Given that Trump didn’t commit a crime or Constitutional violation during the conversation with Zelensky, when someone like Charen speaks that way, or pundit Yuval Levin says Trump’s explanation of the conversation can be believed only if we “don’t think too hard about what our presidents are supposed to be and do,” millions of Trump supporters are going to hear the snarky disdain for them on the part of political mandarins who think only their political class’s manners and decorum are crucial for what “presidents are supposed to be and do.” Trump may not have their manners, but so far, he has governed far better than Barack Obama, who had the bipartisan, technocratic, insider patter down pat, but pursued policies that weakened our country both domestically and internationally.

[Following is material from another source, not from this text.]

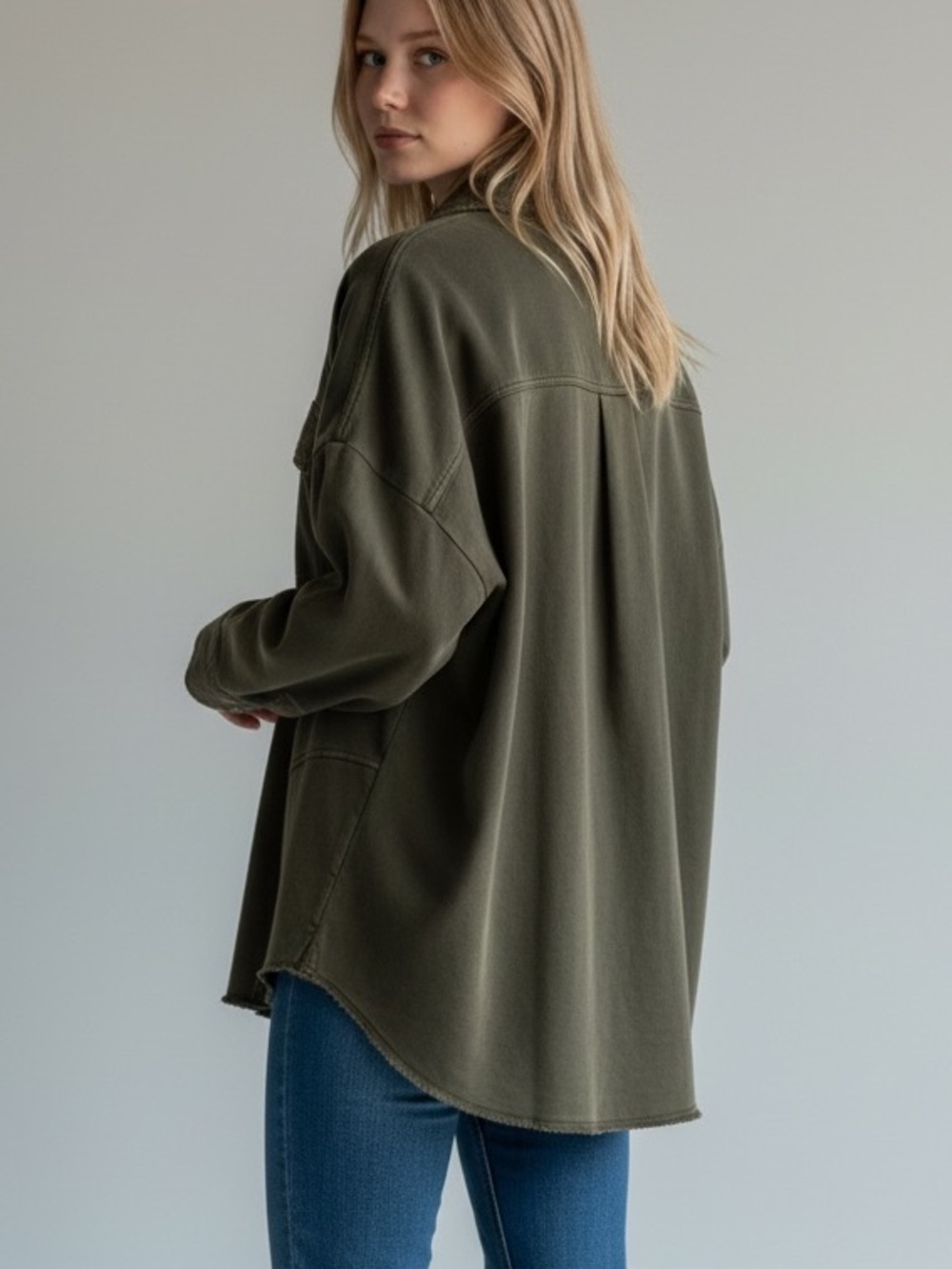 Aerie Lumber Jane Women's Green Button Down Shirt Jacket Size Medium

Forget the impeachment farce and the ginned-up scandals. The decision we will be facing in a bit more than a year is simple: do you want someone who loves this country, believes it is exceptional, wants it to be great, and has proven it by restoring our international prestige and revitalizing our economy? Or do you want a self-anointed technocrat who disdains our country, obsesses over its alleged crimes, thinks it should be diminished to just one nation among many, will bankrupt it with utopian policies, and wants to surrender its sovereignty to an international cabal of elites just like them?
The choice is stark: either America, or Anti-America.